▶ _WORK ORDER_:
Leave the images aside and copy out the whole listing, exact to the word.
+++
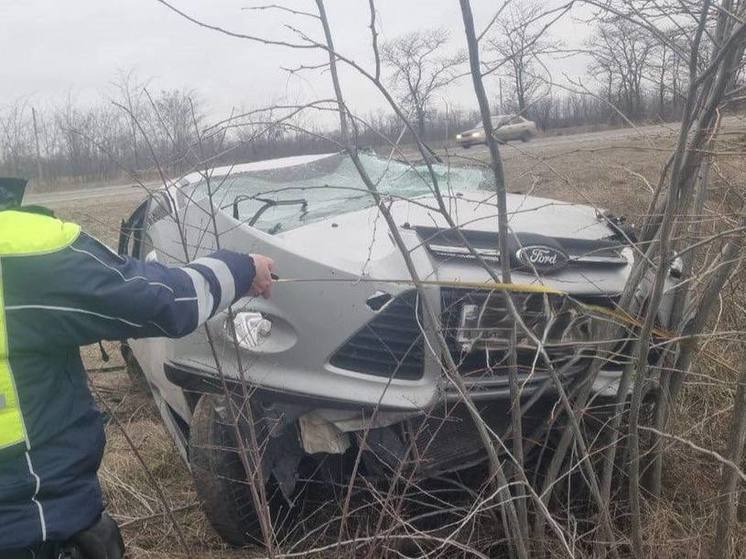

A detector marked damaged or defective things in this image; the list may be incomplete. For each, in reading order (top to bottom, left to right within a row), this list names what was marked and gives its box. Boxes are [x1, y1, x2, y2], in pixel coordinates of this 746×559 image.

shattered windshield [185, 152, 492, 235]
damaged silver car [117, 151, 680, 544]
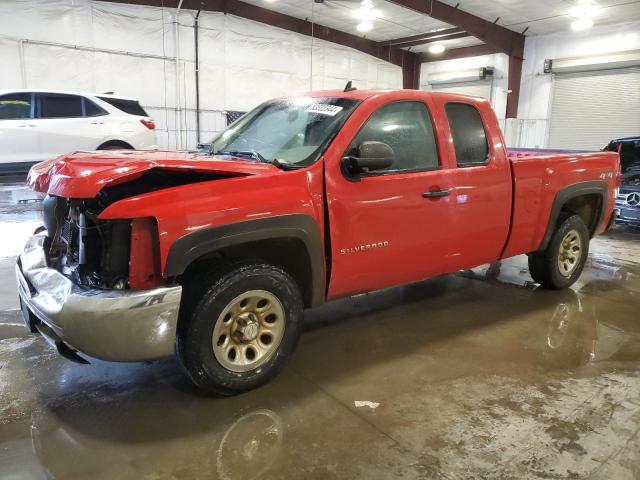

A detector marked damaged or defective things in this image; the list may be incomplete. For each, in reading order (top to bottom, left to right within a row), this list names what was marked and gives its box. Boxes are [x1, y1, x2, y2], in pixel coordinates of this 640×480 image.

crumpled front hood [28, 148, 278, 197]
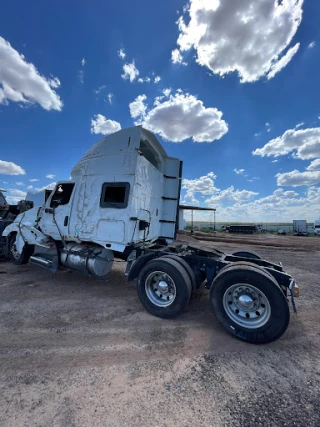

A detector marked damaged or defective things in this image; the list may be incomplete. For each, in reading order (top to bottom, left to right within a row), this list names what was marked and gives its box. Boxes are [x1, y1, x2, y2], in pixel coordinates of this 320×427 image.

wrecked vehicle [1, 127, 300, 344]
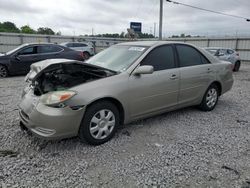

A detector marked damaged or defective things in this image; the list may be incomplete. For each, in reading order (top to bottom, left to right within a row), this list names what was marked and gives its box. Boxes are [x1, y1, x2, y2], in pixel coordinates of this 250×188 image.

damaged hood [24, 58, 116, 81]
damaged sedan [19, 40, 234, 144]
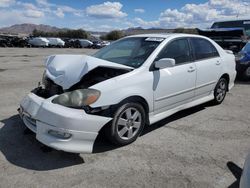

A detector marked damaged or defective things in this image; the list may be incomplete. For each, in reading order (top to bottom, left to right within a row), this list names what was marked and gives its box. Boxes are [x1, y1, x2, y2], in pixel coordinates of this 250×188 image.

detached front bumper [19, 92, 112, 153]
broken headlight [52, 89, 100, 108]
crumpled hood [45, 54, 133, 89]
damaged white car [18, 33, 235, 153]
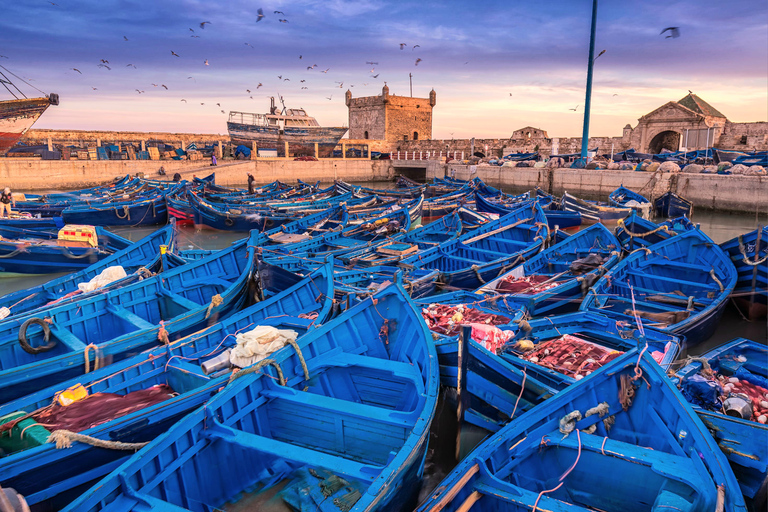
+++
▶ _ANSWER TO THE PROBLEM_:
A detector marked damaged or defective things in this image; the list may be incomplete. For each, in reading order (top to bottom, left to right within a row), this list names what was marked and gives its box. Boxes are [x1, y1, x2, y2], in pixel coordinates of this 746×559 image.

shattered windshield [185, 152, 492, 235]
damaged silver car [117, 151, 680, 544]

A detector marked damaged or defective things in this image; the list may be incomplete. For each, in reading order (top to bottom, left to right within a row), this list names what was marked and gives its box. Boxes are [x1, y1, x2, y2], in pixel coordinates of this 640×480 image.

crumpled front hood [28, 148, 278, 197]

A detector marked damaged or defective things in this image; the list may be incomplete. For each, in reading order (top to bottom, left to right within a row), this list names what was marked and gives its box. Boxes are [x1, y1, x2, y2], in pixel coordinates of this 320×427 image.

wrecked vehicle [1, 127, 300, 344]

A detector marked damaged or defective things in this image; the list may be incomplete. For each, in reading order (top to bottom, left to right within a row), this list names what was marked and gives its box. Boxes are [x1, y1, x2, y2], in pixel coordinates of this 250×188 image.

damaged hood [24, 58, 116, 81]
damaged sedan [19, 40, 234, 144]

A detector marked damaged or defective things in this image; the list may be incomplete. For each, in reading order (top to bottom, left to right within a row), this list names what was marked and gives its box. Boxes are [x1, y1, x2, y2], in pixel coordinates of this 250×188 image.

detached front bumper [19, 92, 112, 153]
broken headlight [52, 89, 100, 108]
crumpled hood [45, 54, 133, 89]
damaged white car [18, 33, 235, 153]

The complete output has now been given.